Questa Italia è un vero disastro. La radiografia dell'Istat è impietosa e drammatica: dal Nord al Sud siamo un Paese alla deriva, solo, abbandonato, sfiduciato e stanco. I dati del "bollettino di guerra" fanno paura: un giovane su cinque non studia né lavora, in due anni più di mezzo milione di ragazzi hanno perso il posto e circa due milioni sono scoraggiati perché non riescono a trovarlo. Ancora: una famiglia su quattro è ad alto rischio povertà e non ce la fa ad arrivare alla fine del mese, due milioni di persone sono povere e disperate senza alcun aiuto, le donne sono costrette a lasciare il lavoro per fare un figlio, oppure lavorano peggio degli uomini e sono malpagate (il 30% in meno di retribuzione), gli immigrati fanno i lavori più umili e sono pagati meno (il 24% di decurtazione).
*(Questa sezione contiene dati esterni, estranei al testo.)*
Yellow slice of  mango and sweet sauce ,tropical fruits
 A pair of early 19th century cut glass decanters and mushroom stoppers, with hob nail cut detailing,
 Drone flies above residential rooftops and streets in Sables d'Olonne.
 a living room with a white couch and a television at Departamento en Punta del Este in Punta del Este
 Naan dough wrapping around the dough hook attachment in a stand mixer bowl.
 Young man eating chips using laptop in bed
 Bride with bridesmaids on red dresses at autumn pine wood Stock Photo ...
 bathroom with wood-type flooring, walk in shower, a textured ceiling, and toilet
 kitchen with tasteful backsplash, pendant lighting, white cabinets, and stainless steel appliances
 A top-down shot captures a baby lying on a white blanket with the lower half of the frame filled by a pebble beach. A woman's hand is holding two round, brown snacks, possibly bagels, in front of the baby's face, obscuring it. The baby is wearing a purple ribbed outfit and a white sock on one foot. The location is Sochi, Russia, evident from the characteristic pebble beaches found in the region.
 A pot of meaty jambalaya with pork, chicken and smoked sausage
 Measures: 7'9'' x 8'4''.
Siamo un fanalino di coda nell'università, nel welfare (nonni "sfruttati" perché non ci sono asili nido), nella crescita economica. In conclusione: siamo tornati indietro di un decennio.
Questa è la realtà. La finzione, invece, è un premier ceronato che dice che va tutto bene e che, nelle stesse ore in cui l'Istat diffondeva questi dati, era preoccupato della sua ignobile campagna elettorale milanese con tanto di zingaropoli, comunisti e centri sociali pronti come i cosacchi a bere alle fontane di Milano. Per non dire di quel genio di Mario Borghezio che, oltre al trasferimento al Nord dei ministeri, è arrivato persino a dire che se vince Pisapia Al Qaeda e Al Zawahiri brinderanno. Figurarsi, Osama Bin Laden si sta rivoltando nel mare per non essere riuscito a partecipare alla festa.
Diciamo la verità: con Berlusconi la fantasia è stata al potere per troppi anni. Ora c'è bisogno di un ritorno alla realtà. E c'è bisogno soprattutto di qualcuno che con serietà, coraggio e un fegato così si metta al lavoro in mezzo a queste macerie e faccia ritrovare all'Italia uno spiraglio di speranza. Ci vorrà del tempo per risalire, ma è proprio ora di cominciare.